Brazil Won't Build A Wall to Stem Tide of Venezuelan Refugees

(Bloomberg) -- Brazil won’t close its doors on Venezuela even as it expects a surge in the number of immigrants fleeing from a deepening crisis in the neighboring country, Brazil’s foreign minister said.

Aloysio Nunes’s comments come as refugees continue to pour into Roraima, the Brazilian state bordering Venezuela, where tens of thousands have arrived over the past year. With the flow expected to rise, the government has declared a social emergency in the area.

"The situation is deteriorating," Nunes said in an interview in Bloomberg’s Brasilia office. "The causes, the hunger and the poverty, persist and have got worse."

On Thursday Brazil’s President Michel Temer signed a presidential decree authorizing funding to bolster security in Roraima and boost the humanitarian assistance available to refugees. With many begging on the streets, tension in the area is on the rise. Police in Boa Vista, the state capital, are looking for an arsonist who attacked a shelter for Venezuelan refugees earlier this month. Last week Colombia, which received 96,000 immigrants in November alone, tightened its border controls with Venezuela and sent over 2,000 troops to the area. But Brazil has no plans to close its border, no matter what.

"We’re not going to build a wall," Nunes said. "It’s a worrying situation, but it’s not yet chaos, it’s not yet a catastrophe."

Venezuelan Elections

As Venezuela’s political and economic crisis has deepened, the country has found itself increasingly isolated in the region. Its recent announcement of plans to hold presidential elections on April 22 elicited a rebuke from the so-called Lima Group and prompted Peru to withdraw its invitation to President Nicolas Maduro to attend this year’s Summit of the Americas. Maduro said on Thursday that he’d attend the summit anyway.

Nunes ruled out the idea of refusing to recognize the results of the election. "Not recognizing has no legal or practical significance," he said. "We are going to need some kind of humanitarian channel."
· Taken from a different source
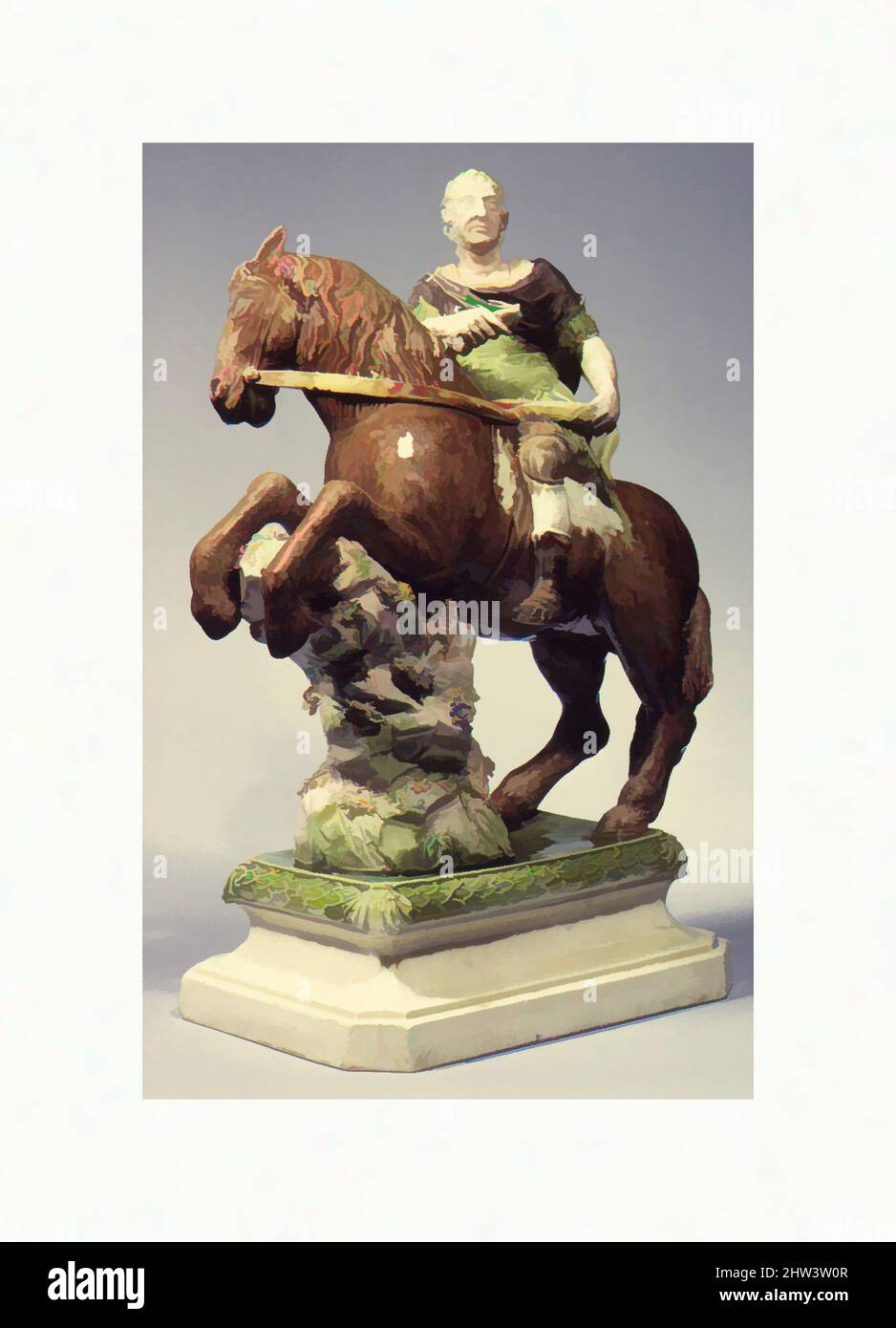 Art inspired by William III as a Roman emperor, Ralph Wood the Younger (British, Burslem 1748–1795 Burslem), ca. 1770–80, British, Burslem, Staffordshire, Lead-glazed earthenware, Height: 14 in. (35.6 cm), Ceramics-Pottery, Ralph Wood the Younger (British, Burslem 1748–1795 Burslem), Classic works modernized by Artotop with a splash of modernity. Shapes, color and value, eye-catching visual impact on art. Emotions through freedom of artworks in a contemporary way. A timeless message pursuing a wildly creative new direction. Artists turning to the digital medium and creating the Artotop NFT Stock Photo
The Brazilian foreign minister acknowledged that Maduro still appeared to have significant levels of support among the Venezuelan military and refused to be drawn on how the crisis might play out.

"Is there going to be a collapse? Is there going to be a transition? If there is a transition who will negotiate? There’s no way of predicting," he said. Brazil’s potential role as a mediator between the government and the opposition had been ruled out by the Maduro administration, he added.

Nunes also lamented the lack of ideas from the U.S State Department on how to tackle the crisis, saying it could do more to put pressure on Maduro’s supporters at the Organization of American States.

"The U.S. doesn’t know what to do in Latin America," he said.

To contact the reporters on this story: Samy Adghirni in Brasilia Newsroom at sadghirni@bloomberg.net, Simone Iglesias in Brasília at spiglesias@bloomberg.net.

To contact the editors responsible for this story: Vivianne Rodrigues at vrodrigues3@bloomberg.net, Bruce Douglas, Raymond Colitt

©2018 Bloomberg L.P.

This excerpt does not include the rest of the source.